César 2026 : Franck Dubosc et d’autres comiques changent de registre.
Franck Dubosc a reçu un César le 1er octobre 2023 pour le scénario d’Un ours dans le Jura, qu’il a coécrit avec Sarah Kaminsky. Dany Boon a déclaré en 2018 ne pas souhaiter s’essayer à des rôles sérieux après avoir été choqué enfant par son idole Bourvil dans Le Cercle rouge.
La salle de l’Olympia a réservé ses plus chaleureux applaudissements à Franck Dubosc lorsqu’il est monté sur scène pour recevoir son César. L’année précédente, cette consécration était encore envisagée sur le ton de la plaisanterie. Dans une vidéo, l’acteur avait montré un petit César tout en plaisantant sur le fait qu’il n’en obtiendrait jamais un véritable ! L’académie lui a prouvé le contraire et le Patrick Chirac de Camping est reparti, tout heureux, avec une récompense bien méritée pour le scénario d’Un ours dans le Jura, qu’il a coécrit avec Sarah Kaminsky.

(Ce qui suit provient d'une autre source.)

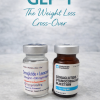apex wellness peptides 10 Peptides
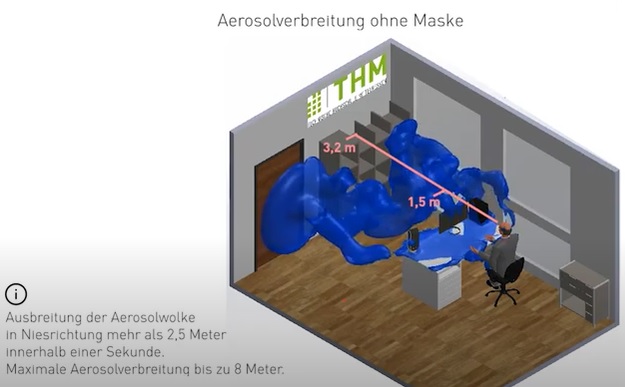 Verbreitung des Corona-Virus in Büroräumen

Cette année, Franck Dubosc a su allier succès public et reconnaissance de ses pairs en s’orientant vers la comédie noire. Il n’est pas le seul humoriste à avoir choisi de prendre un tournant plus sérieux à un moment de sa carrière. On pense naturellement à Jim Carrey, qui a reçu un César d’honneur hier soir et qui a su émouvoir dans The Truman Show et Eternal Sunshine of the Spotless Mind de Michel Gondry, mais d’autres acteurs français ont également réussi ce pari.

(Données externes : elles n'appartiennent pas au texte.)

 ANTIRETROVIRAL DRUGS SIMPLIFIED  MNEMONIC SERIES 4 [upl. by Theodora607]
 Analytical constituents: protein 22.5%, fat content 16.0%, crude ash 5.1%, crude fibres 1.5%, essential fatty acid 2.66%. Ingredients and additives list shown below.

Dany Boon, qui a reçu un César du public en 2018 pour Raid Dingue, avouait alors ne pas vouloir s’essayer à des rôles sérieux. Enfant, il avait été choqué de voir son idole Bourvil incarner un policier dans Le Cercle rouge de Jean-Pierre Melville et ne voulait pas faire vivre la même expérience à ses fans. Coluche, pour sa part, a opté pour un choix différent en apparaissant dans Tchao Pantin de Claude Berri. Son rôle de pompiste épuisé secourant un dealer lui a valu un César en 1984. Sa mort deux ans plus tard ne lui a pas permis de capitaliser sur ce succès.
Jean Yanne, qui a fait rire la France entière avec des films comme Deux heures moins le quart avant Jésus-Christ, a également ému le public chez Maurice Pialat dans Nous ne vieillirons pas ensemble, ce qui lui a valu un prix d’interprétation à Cannes en 1972. Son parcours brillant lui a permis de briller tant dans la comédie que dans la tragédie.
Plus récemment, Alain Chabat est un autre exemple de comique ayant su évoluer, obtenant un César l’an passé pour L’Amour ouf de Gilles Lellouche, prouvant ainsi qu’il pouvait transmettre toutes les émotions. Jean Dujardin, quant à lui, a décroché un Oscar et jouera bientôt un collaborateur dans Les Rayons et les Ombres de Xavier Gianoli, après avoir commencé sa carrière avec la troupe d’humoristes Nous Ç Nous. C’est une évolution rare dans le milieu.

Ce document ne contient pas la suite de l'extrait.